I have many masks ranging from the regular ones you get at the hospital
to goofy ones my friends have bought me
to my favorites from vogmask.com. I have added some decorations to the masks from vogmask.com.
What I find disturbing are the stares I get from people. Whatever happened to it not being polite to stare? More than once I have had to stop what I am doing and say, “I have stage four cancer. I am not contagious. I am wearing the mask so you don’t get me sick. Please stop staring at me”. This is usually met with embarrassment and apologies. I have had people hang their head and walk briskly away. I even had one person almost cry because they were so embarrassed.
I have even been kicked out of a beauty salon for refusing to take off my mask because it made their other patrons uncomfortable. Even after I explained I had cancer. (Dear readers, please don’t talk about mass boycotts. I promise none of you have or will ever shop there. They are a small mom and pop place. I just refuse to spend my money there anymore).

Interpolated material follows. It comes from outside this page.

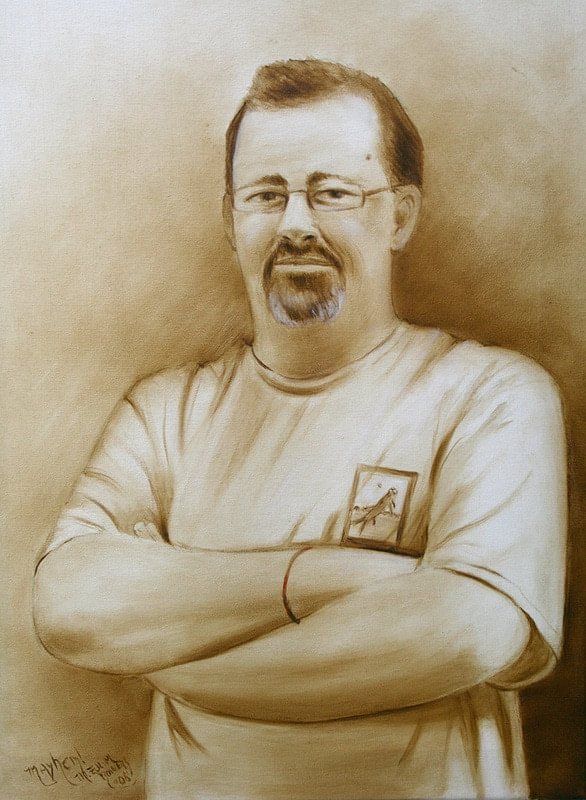 Oil sketch of Eric on canvas by artist Marsha Bowers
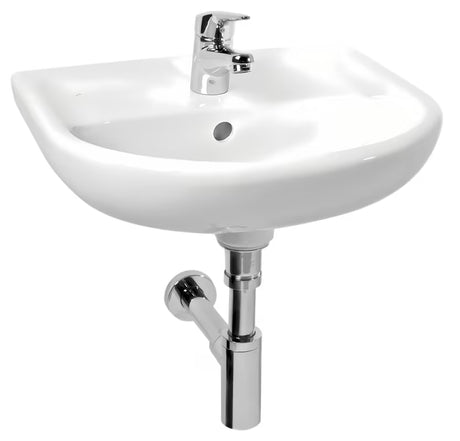 Bijeli viseći umivaonik Jika Lyra Plus 65 x 52 cm s preljevom i otvorom pro za slavinu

My experience has also been that the more bling/jewelry I have, the less scary it is. I found this especially true at faire. The more accessorized the mask is, the more people think it’s a costume piece. I also get a LOT more questions about the reason for the mask. When I explain, people still apologize and run away. But at least I get to talk to them first?
I also try not to go out on Sundays. I have a few places I feel safe. They know me at my Sunday morning café and I’ve heard her say, ‘She has cancer. She just wants to eat like you’. My mother jumped in someone’s face for staring at me and making a rude comment. So far the worst comments and stares have come from people groups of people just leaving church. You would not believe the nasty comments. (Freak, attention whore, why is she wearing that?) Now I am basing them coming from church being on what they are wearing on a Sunday. and the fact that I ask them, 'Did you just come from church?'. I have been known to stand up, walk over to the table, tell them my story, tell them I’d ‘pray for them’ ,then walk away. Do they not teach tolerance in church. What about praying for the sick? Is this lost? I was taught not to stare. I was taught to assume the best in people.
Then there is the exact opposite: The overly touchy. Now, I admit I am a hugger but it’s usually with people I know. But I have had an extreme amount of people want to lay their hands on my cancer. I had someone do it once after asking if they could touch me. It was very uncomfortable. Now I ask people why they want to touch me, first. Most of my friends know to ask me first. I have a stunt hugger with me when I am in public places. RadLad and the Mom are my stand ins. There are very few people I will touch or hug anymore.
So here are the lessons I want you to walk away with:
1) Stop staring at people who are handicapped/sick. It’s rude. They know they are sick/handicapped and just want to live, eat, socialize, like you.
2) If you have a question about the sickness, ASK.
3) You will know if I can hug you by me holding my arms out. Otherwise, deflect your hug to my stunt hugger.
I love you all. Thanks for reading my semi-rant.